# GTSF phase I: biomass prediction

In this notebook, we are forecasting the weights by finding the closest blender model

### Look at the volumes created with blender

Load blender data

In [None]:
import pandas as pd
import matplotlib.pyplot as plt
import numpy as np
import json
import cv2

import glob
import os
import boto3
import tempfile
from sqlalchemy import create_engine, MetaData, Table, select, and_, func
from sqlalchemy.orm import sessionmaker
from sqlalchemy.ext.automap import automap_base
from sklearn.linear_model import LinearRegression
from sklearn.decomposition import PCA
from scipy.stats import norm
import tqdm
import pickle
from itertools import combinations

from PIL import Image, ImageDraw
from multiprocessing import Pool, Manager
import copy
import uuid
from sklearn.preprocessing import StandardScaler

pd.set_option('display.max_rows', 500)





<h1> Get world keypoint coordinates from GTSF data </h1>

In [None]:
aws_credentials = json.load(open(os.environ["AWS_CREDENTIALS"]))
s3_client = boto3.client('s3', aws_access_key_id=aws_credentials["aws_access_key_id"],
                         aws_secret_access_key=aws_credentials["aws_secret_access_key"],
                         region_name="eu-west-1")

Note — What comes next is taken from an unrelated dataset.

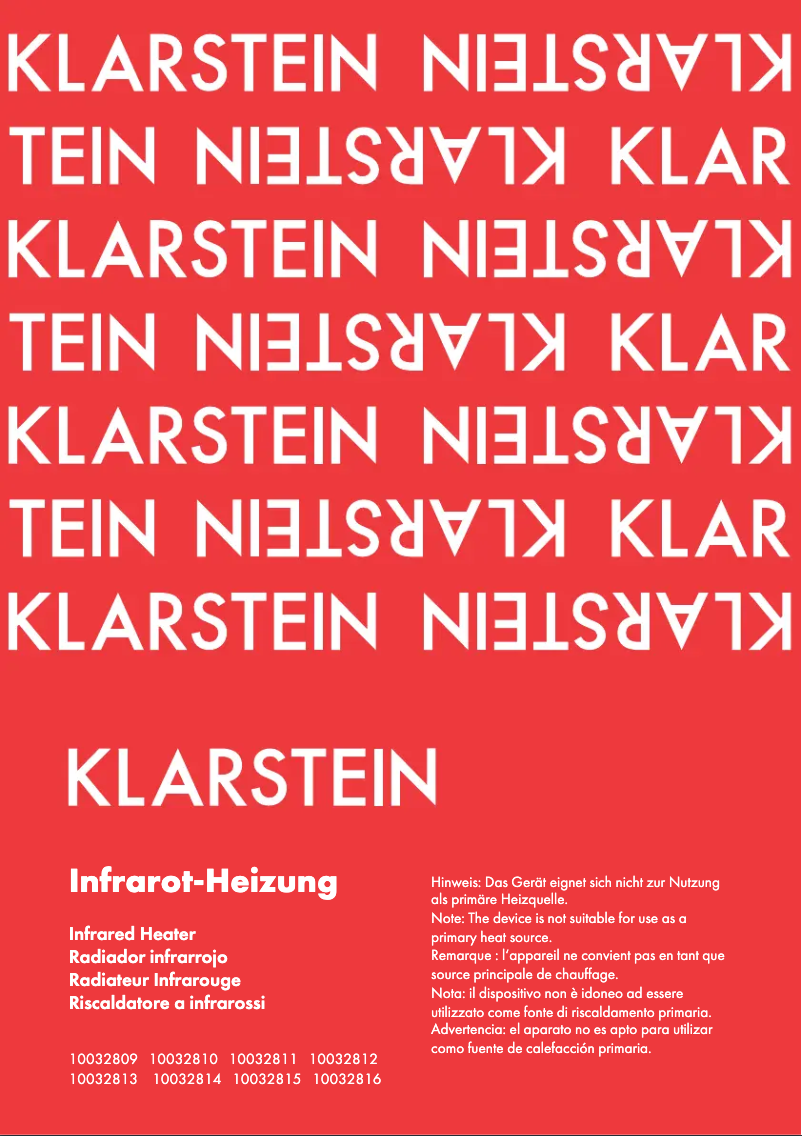 Image de la première page du manuel de l'appareil 10032816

sql_credentials = json.load(open(os.environ["SQL_CREDENTIALS"]))
sql_engine = create_engine("postgresql://{}:{}@{}:{}/{}".format(sql_credentials["user"], sql_credentials["password"],
                           sql_credentials["host"], sql_credentials["port"],
                           sql_credentials["database"]))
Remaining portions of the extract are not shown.